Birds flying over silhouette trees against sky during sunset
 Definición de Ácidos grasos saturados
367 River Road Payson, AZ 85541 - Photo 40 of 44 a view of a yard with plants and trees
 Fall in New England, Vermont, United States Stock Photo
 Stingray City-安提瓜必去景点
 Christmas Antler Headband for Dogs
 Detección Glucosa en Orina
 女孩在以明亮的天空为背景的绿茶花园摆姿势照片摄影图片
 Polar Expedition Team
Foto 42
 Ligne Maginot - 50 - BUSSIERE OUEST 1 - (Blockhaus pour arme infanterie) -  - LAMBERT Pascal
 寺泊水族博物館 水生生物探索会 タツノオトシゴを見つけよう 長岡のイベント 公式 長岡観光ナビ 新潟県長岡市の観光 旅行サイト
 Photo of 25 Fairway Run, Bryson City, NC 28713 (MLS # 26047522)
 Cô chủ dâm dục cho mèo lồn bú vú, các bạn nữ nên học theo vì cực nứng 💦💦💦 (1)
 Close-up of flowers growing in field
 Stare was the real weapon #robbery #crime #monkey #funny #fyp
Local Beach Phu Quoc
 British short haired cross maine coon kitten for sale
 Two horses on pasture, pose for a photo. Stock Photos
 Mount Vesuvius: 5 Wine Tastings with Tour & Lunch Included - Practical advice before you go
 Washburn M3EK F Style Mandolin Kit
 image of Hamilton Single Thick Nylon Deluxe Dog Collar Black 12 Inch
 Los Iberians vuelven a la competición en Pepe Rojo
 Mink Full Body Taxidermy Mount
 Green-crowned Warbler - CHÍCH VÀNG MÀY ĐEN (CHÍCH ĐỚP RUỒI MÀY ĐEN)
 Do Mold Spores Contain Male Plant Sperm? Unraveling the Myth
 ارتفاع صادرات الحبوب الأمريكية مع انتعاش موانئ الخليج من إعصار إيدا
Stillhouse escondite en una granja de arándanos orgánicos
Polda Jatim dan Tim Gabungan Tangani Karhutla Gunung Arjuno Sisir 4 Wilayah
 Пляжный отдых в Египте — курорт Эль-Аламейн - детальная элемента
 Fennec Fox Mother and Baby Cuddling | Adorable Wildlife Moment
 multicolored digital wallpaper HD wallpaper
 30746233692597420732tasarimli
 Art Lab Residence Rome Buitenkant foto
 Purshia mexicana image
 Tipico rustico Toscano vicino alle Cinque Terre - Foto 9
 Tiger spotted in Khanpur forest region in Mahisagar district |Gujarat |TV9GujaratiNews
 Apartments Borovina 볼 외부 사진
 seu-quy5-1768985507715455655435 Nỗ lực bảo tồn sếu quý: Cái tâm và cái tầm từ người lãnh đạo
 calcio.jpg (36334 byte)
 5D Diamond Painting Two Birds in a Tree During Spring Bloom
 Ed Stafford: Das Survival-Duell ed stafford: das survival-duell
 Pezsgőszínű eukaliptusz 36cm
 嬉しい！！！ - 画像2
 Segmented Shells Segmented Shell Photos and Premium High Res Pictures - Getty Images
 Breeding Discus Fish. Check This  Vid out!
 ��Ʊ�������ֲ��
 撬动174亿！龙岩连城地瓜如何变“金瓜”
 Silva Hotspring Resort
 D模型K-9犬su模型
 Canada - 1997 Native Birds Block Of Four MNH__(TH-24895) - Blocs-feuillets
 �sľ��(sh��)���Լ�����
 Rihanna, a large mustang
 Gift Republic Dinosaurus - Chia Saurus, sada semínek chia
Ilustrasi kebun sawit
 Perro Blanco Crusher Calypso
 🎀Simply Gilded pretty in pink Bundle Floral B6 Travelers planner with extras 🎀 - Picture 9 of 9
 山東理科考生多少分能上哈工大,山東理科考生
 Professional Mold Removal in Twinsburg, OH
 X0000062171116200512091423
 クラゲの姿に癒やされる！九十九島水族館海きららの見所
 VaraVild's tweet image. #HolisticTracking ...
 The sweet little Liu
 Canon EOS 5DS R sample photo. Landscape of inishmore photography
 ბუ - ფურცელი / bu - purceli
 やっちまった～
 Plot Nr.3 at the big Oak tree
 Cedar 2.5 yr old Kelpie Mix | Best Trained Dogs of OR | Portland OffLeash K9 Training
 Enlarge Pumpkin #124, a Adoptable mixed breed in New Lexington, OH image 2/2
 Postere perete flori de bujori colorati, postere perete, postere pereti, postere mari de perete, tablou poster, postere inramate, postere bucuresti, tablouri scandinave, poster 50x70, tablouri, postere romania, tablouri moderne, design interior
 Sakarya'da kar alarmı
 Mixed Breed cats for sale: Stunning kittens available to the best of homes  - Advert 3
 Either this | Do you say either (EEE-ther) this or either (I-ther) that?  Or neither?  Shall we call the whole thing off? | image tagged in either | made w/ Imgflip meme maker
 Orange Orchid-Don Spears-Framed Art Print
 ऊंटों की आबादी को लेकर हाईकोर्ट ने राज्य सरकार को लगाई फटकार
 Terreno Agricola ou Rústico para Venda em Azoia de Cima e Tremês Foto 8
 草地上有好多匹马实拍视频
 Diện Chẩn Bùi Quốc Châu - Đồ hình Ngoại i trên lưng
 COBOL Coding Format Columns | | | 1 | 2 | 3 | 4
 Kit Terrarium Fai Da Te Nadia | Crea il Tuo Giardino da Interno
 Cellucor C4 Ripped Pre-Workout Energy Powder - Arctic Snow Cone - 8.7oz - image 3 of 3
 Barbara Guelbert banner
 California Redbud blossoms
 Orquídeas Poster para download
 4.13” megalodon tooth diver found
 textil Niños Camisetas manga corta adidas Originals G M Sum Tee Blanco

## Task requirements
Wherever the line holding "Apartments Borovina 볼 외부 사진" falls in the entries above, copy exactly from it through the line holding "ბუ - ფურცელი / bu - purceli", inclusive, and add nothing.

## Response to the task
 Apartments Borovina 볼 외부 사진
 seu-quy5-1768985507715455655435 Nỗ lực bảo tồn sếu quý: Cái tâm và cái tầm từ người lãnh đạo
 calcio.jpg (36334 byte)
 5D Diamond Painting Two Birds in a Tree During Spring Bloom
 Ed Stafford: Das Survival-Duell ed stafford: das survival-duell
 Pezsgőszínű eukaliptusz 36cm
 嬉しい！！！ - 画像2
 Segmented Shells Segmented Shell Photos and Premium High Res Pictures - Getty Images
 Breeding Discus Fish. Check This  Vid out!
 ��Ʊ�������ֲ��
 撬动174亿！龙岩连城地瓜如何变“金瓜”
 Silva Hotspring Resort
 D模型K-9犬su模型
 Canada - 1997 Native Birds Block Of Four MNH__(TH-24895) - Blocs-feuillets
 �sľ��(sh��)���Լ�����
 Rihanna, a large mustang
 Gift Republic Dinosaurus - Chia Saurus, sada semínek chia
Ilustrasi kebun sawit
 Perro Blanco Crusher Calypso
 🎀Simply Gilded pretty in pink Bundle Floral B6 Travelers planner with extras 🎀 - Picture 9 of 9
 山東理科考生多少分能上哈工大,山東理科考生
 Professional Mold Removal in Twinsburg, OH
 X0000062171116200512091423
 クラゲの姿に癒やされる！九十九島水族館海きららの見所
 VaraVild's tweet image. #HolisticTracking ...
 The sweet little Liu
 Canon EOS 5DS R sample photo. Landscape of inishmore photography
 ბუ - ფურცელი / bu - purceli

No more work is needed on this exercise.